Tyson Foods, for one, has worked to bring its carrier partners onto a single platform to better share information in real time. By doing so, said Christopher Plant, the company’s senior manager of customer service, the percentages of loads tracked are at a level that the company can leverage. Plant said this helps drive real-time visibility and consistency.
“When you do that, and you’re talking with the same information with all those involved — including the customer — you really start to find out the things that are working and the things that maybe we might need to change,” Plant said Feb. 16 during the Supply Chain Leadership Summit, an event hosted by load tracking firm FourKites. The company offers a transportation platform that focuses on real-time visibility.

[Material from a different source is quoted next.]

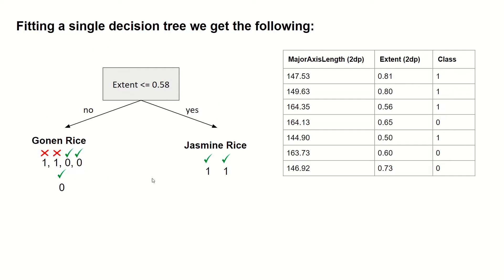In this example here, we make two misclassifications where in the first two examples here, the extent is greater than or equal to 0.58. So we answer no to this question and we predict gonan rice.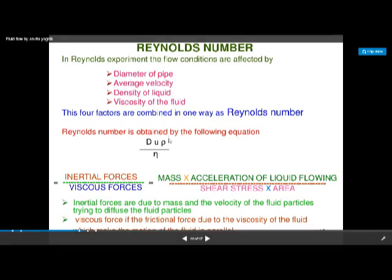From Reynolds' experiment, we can calculate the Reynolds number. The four factors which affect the Reynolds number are: diameter of the pipe, average velocity, density of the liquid, and viscosity of the liquid. The formula is: Reynolds number = (d × u × ρ) / η. This is derived from inertial force (ρu²) divided by viscous force (ηu/d), which gives: mass × acceleration of the liquid flowing, divided by shear stress × area.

Panelists are its customers.
Tyson Foods has worked to bring its carrier partners onto a single platform. (Capital Area Food Bank of Texas)
“Whether that be from a dock space standpoint, at the customer, an order cycle of how they’re sending the order to us or vice versa — how we’re sending it back to them. When you’re all speaking from the same book you really start to understand.”
Plant added, “Eliminating the data silos is getting on the same page with everyone involved from start to finish. From the time it leaves our plants all the way to the time it reaches the customers. Understanding the life cycle of the order and everything in between.”
Tyson Foods ranks No. 11 on the Transport Topics Top 100 list of the largest private carriers in North America. The company’s fleet includes 3,233 tractors and 8,759 trailers.
Walmart Canada has found that technologies such as blockchain and machine learning can help with end-user predictability, such as tracking how long a shipment may be delayed during a snowstorm. “We’re at a point where we’re really excited by everything that our stores can do with their phones,” said Francis Lalonde, the company’s vice president of transportation. “Between our [distribution centers] and stores, it doesn’t get any better than that in terms of visibility. And this enables us to start to have real-time, in-depth, super dynamic visibility almost end to end.”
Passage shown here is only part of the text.